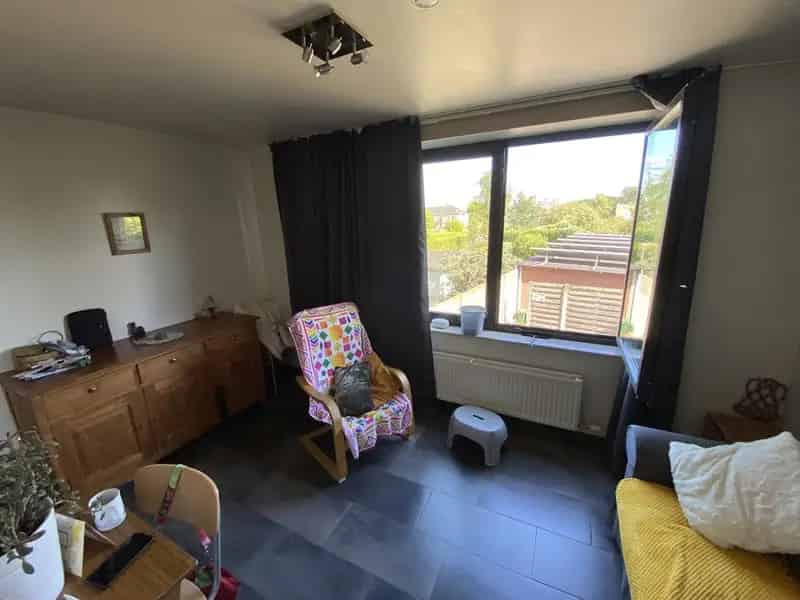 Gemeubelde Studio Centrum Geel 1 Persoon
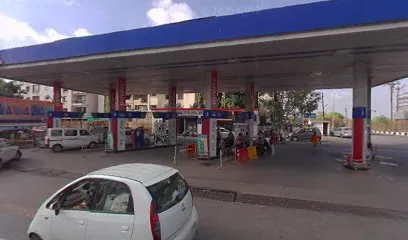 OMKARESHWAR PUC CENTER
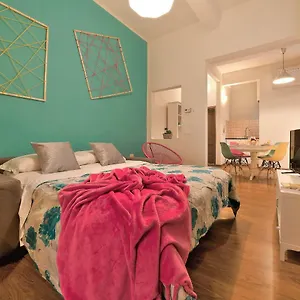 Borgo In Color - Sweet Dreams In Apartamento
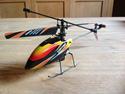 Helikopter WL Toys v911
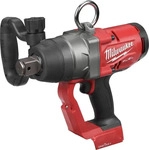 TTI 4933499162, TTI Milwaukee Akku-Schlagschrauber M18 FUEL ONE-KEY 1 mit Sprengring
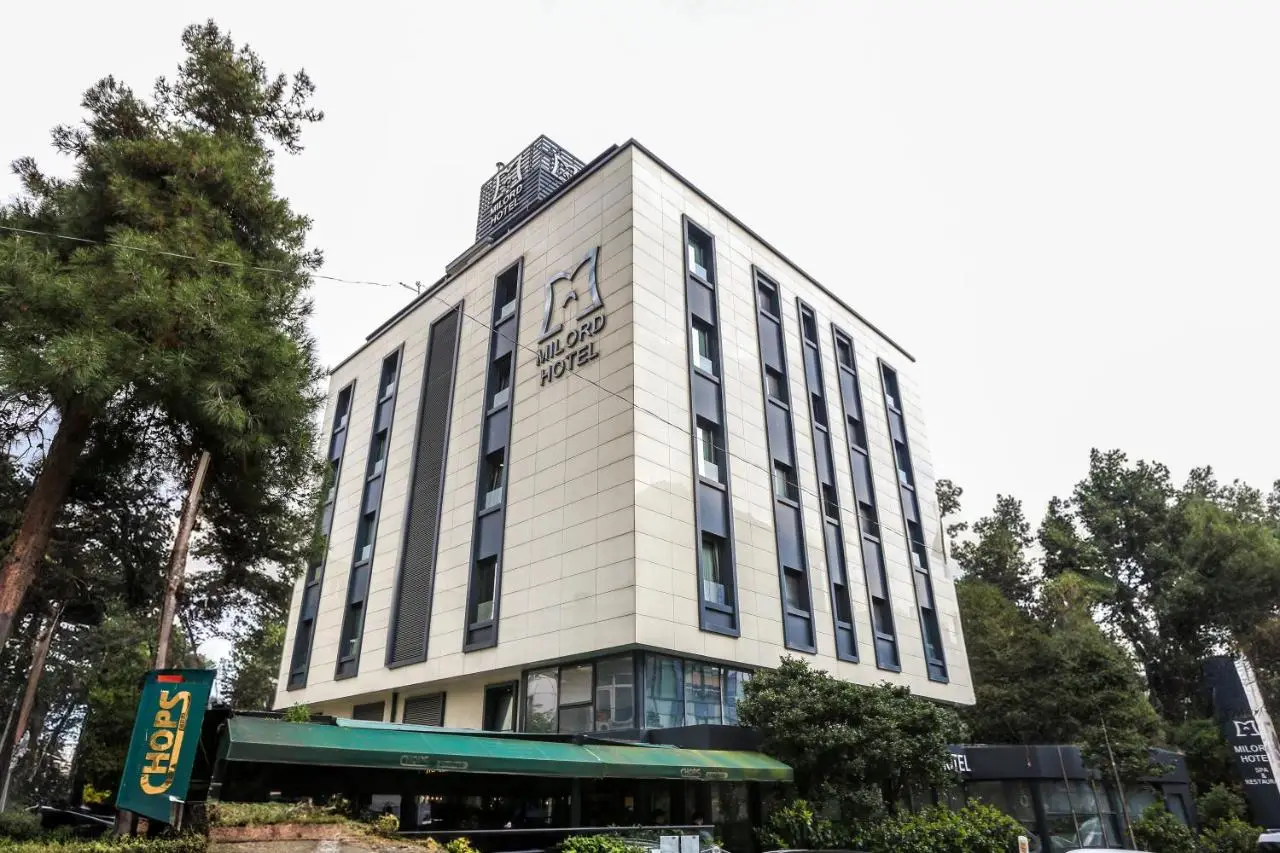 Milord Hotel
============================================================
With the pictures excluded, the line containing "Helikopter WL Toys v911" and every line after it through the end of the data above are to be transcribed exactly, and nothing more.

→ Response
 Helikopter WL Toys v911
 TTI 4933499162, TTI Milwaukee Akku-Schlagschrauber M18 FUEL ONE-KEY 1 mit Sprengring
 Milord Hotel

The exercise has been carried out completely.